Harry Robson

Personal information
- Full name: Henry Robson
- Born: 1 August 1904 Perkinsville, County Durham, England
- Died: 31 August 1968 (aged 64) Chester-le-Street, County Durham, England
- Batting: Left-handed
- Bowling: Slow left-arm orthodox

Domestic team information
- 1939: Minor Counties
- 1932–1949: Northumberland

Career statistics
| Competition | First-class |
| Matches | 1 |
| Runs scored | 3 |
| Batting average | 3.00 |
| 100s/50s | –/– |
| Top score | 3 |
| Balls bowled | 200 |
| Wickets | 4 |
| Bowling average | 31.00 |
| 5 wickets in innings | – |
| 10 wickets in match | – |
| Best bowling | 4/80 |
| Catches/stumpings | –/– |
- Source: Cricinfo, 16 August 2012

= Harry Robson =

English cricketer

Henry 'Harry' Robson (1 August 1904 - 31 August 1968) was an English cricketer.
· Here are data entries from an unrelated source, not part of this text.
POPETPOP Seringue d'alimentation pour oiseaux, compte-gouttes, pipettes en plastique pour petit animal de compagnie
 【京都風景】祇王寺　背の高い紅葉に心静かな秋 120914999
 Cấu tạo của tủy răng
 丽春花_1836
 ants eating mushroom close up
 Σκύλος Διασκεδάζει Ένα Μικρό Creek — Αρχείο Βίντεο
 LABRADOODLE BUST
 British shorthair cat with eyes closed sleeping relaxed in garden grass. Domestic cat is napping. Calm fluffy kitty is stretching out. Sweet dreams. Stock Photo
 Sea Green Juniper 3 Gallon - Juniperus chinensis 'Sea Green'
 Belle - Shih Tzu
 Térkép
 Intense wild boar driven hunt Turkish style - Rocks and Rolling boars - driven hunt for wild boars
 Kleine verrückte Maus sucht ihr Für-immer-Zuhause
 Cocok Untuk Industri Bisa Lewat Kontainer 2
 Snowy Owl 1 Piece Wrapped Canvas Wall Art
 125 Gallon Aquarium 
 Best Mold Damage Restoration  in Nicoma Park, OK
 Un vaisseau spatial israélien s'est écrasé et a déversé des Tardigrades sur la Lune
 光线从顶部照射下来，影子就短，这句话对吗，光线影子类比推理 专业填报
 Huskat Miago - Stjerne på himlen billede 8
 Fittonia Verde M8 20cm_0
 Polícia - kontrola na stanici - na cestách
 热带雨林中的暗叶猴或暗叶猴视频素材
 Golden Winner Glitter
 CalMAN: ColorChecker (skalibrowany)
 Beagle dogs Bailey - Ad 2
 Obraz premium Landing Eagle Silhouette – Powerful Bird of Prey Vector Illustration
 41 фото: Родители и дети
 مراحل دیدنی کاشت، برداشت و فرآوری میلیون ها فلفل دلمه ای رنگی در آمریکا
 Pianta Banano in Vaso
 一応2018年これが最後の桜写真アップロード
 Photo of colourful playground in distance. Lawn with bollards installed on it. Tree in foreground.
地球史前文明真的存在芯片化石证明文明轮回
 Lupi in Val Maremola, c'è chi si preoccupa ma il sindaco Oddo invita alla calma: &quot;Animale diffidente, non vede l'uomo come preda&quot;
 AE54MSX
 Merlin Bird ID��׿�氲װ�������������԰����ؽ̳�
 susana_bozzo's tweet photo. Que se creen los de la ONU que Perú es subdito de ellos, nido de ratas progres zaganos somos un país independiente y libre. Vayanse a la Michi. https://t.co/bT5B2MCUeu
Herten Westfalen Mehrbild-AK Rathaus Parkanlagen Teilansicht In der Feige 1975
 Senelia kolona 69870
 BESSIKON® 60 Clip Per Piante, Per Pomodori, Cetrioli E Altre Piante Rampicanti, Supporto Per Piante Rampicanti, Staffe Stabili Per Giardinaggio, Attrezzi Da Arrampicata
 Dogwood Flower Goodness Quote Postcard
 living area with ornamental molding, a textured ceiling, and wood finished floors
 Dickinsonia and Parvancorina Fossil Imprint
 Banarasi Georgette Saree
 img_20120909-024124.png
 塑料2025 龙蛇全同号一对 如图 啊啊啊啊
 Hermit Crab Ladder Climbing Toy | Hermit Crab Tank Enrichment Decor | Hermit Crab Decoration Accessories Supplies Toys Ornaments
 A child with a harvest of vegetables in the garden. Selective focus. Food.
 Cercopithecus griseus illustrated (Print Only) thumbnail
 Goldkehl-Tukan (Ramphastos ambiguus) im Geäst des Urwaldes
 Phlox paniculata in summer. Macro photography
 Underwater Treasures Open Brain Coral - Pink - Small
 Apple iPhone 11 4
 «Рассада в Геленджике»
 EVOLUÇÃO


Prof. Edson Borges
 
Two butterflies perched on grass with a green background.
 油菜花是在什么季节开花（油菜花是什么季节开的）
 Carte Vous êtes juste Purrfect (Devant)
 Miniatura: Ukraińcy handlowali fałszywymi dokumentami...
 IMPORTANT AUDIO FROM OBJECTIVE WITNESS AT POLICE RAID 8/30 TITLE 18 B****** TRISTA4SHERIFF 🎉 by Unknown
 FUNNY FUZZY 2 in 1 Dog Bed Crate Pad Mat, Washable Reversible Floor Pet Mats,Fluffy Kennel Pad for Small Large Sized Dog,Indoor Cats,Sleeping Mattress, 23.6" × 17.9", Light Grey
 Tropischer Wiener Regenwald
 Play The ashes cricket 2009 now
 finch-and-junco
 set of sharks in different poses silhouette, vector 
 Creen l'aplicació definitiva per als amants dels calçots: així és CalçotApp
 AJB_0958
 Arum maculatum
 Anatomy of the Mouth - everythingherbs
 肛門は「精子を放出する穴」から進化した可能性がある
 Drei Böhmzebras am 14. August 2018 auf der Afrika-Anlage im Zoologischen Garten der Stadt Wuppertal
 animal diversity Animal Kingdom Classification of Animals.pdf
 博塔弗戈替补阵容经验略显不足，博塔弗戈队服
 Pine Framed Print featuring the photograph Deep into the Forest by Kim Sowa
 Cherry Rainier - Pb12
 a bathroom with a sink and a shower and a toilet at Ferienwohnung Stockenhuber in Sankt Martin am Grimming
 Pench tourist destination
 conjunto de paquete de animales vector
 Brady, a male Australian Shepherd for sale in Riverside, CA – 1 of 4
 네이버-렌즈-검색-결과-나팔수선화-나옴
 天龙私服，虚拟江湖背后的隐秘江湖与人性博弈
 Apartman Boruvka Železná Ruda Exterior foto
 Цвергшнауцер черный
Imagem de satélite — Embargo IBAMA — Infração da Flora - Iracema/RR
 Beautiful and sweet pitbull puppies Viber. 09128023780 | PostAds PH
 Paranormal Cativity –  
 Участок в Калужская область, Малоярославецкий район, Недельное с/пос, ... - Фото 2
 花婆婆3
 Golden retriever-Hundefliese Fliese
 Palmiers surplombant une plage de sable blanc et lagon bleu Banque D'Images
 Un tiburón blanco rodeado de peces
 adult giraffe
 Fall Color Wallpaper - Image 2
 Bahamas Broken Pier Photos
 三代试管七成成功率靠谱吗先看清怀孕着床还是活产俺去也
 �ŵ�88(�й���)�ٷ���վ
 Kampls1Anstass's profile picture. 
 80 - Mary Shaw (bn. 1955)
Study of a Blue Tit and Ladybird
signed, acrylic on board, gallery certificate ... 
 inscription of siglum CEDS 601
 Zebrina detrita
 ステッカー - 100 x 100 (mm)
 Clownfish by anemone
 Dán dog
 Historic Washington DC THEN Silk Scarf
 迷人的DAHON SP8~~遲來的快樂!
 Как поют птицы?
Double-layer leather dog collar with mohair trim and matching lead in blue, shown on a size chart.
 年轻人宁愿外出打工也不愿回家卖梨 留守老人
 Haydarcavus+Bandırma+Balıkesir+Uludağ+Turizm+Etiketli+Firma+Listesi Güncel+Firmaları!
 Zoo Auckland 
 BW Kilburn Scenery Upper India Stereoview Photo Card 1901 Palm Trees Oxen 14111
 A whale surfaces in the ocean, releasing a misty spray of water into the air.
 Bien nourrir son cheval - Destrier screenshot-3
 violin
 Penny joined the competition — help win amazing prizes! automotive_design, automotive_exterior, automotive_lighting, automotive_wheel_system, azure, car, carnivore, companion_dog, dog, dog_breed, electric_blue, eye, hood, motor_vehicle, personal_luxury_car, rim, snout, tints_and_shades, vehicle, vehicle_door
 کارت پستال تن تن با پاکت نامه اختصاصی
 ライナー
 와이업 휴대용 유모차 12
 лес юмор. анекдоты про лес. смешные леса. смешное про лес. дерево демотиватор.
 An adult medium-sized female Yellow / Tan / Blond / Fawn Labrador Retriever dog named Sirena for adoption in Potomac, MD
Robson was a left-handed batsman who bowled slow left-arm orthodox. He was born at Perkinsville, County Durham.

Robson qualified to play for Northumberland through his residence in the county, making his debut for it against Durham in the 1932 Minor Counties Championship. Before World War II, Robson made 65 appearances for the county in the Minor Counties Championship. Playing minor counties cricket for Northumberland allowed Robson to be selected to play for a representative Minor Counties cricket team, making a single first-class appearance for the team against the touring West Indians at Lord's in 1939. The West Indians won the toss and elected to bat first, making 370 all out, with Robson taking the wickets of Vic Stollmeyer, Jeff Stollmeyer, Gerry Gomez and Foffie Williams, to finish with figures of 4/80 from sixteen overs, which were also the best bowling figures in the innings. The Minor Counties then made 306 all out in their first-innings, with Robson the last man out when he was dismissed for 3 runs by Rolph Grant. The West Indians then reached 138/4 in their second-innings, in which Robson bowled nine wicketless overs for the cost of 44 runs, with the match declared a draw at this point.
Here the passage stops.